The orders are strict: no one is to quit his post. There are men, however, who have been standing there, without sleep, for twenty-four hours. No one must leave the camp of the Friends of Order even to go and dine. Those who have no money either have rations given them or are provided at the expense of the mairie, from a restaurant of the Rue des Filles Saint-Thomas, with a dinner consisting of soup and bouilli, a plate of meat, vegetables, and a bottle of wine. I hear one of them exclaim,
“If the Federals knew that we not only get our pay, but are also fed like princes, they would come over to us, every man of them. As for us, we are determined to obey the maires and deputies of Paris.” Much astonishment is manifested at the absence of Vice-Admiral Saisset; as he has accepted the command he ought to show himself. Certain croakers even insinuate that the vice-admiral hesitates to organise the resistance, but we will not listen to them, and are on the whole full of confidence and resolution. “We are numerous, determined; we have right on our side, and will triumph.”
At about four o’clock an alarm is sounded. We hear cries of “To arms! To arms!” The drums beat, the trumpets sound, the ranks are formed. The ominous click, click, as the men cock their rifles, is heard on all sides. The moment of action has arrived. There are more than ten thousand men, well armed and determined. A company of Mobiles and the National Guards defend the entrance of the Rue Vivienne. All this tumult is caused by one of the battalions from Belleville, passing along the boulevards with three pieces of cannon.

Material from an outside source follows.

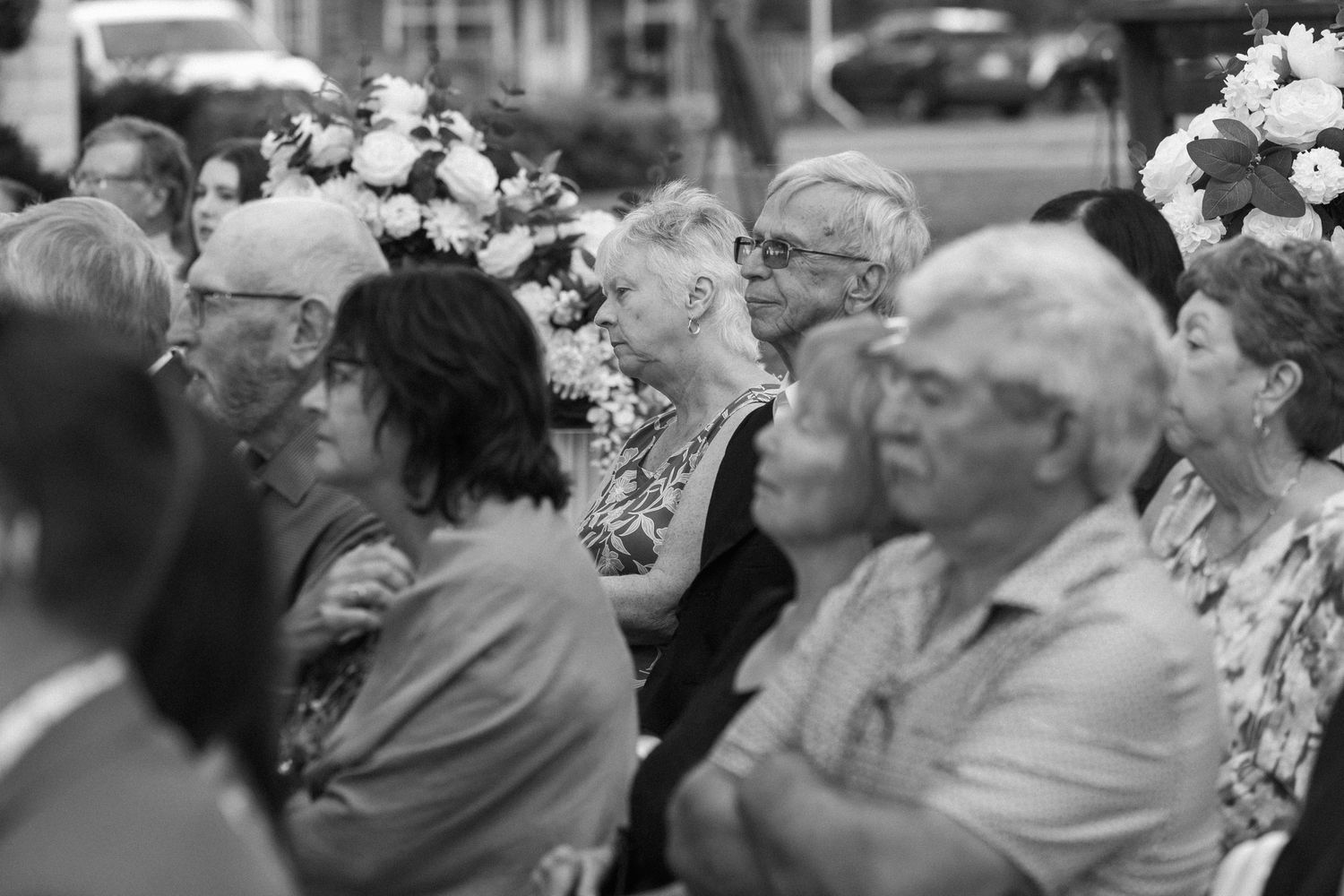 Black and white photo of wedding guests seated at an outdoor ceremony with floral hair accessories.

What is about to happen? When the insurgents reach the top of the Rue Vivienne they seem to hesitate. In a few seconds the boulevards, which were just now crowded, are suddenly deserted; and even the cafes are closed.
At such a moment as this, a single accidental shot (several such have happened this morning; a woman standing at a window at the corner of the Rue Saint Marc was nearly killed by the carelessness, of one of the Guards),—a single shot, a cry even, or a menacing gesture would suffice to kindle the blaze. Nobody. moves or speaks. I feel myself tremble before the possibility of an irreparable disaster; it is a solemn and terrible moment.
The battalion from Belleville presents arms; we reply, and they pass on. The danger is over; we breathe again. In a few seconds the crowd has returned to the boulevards.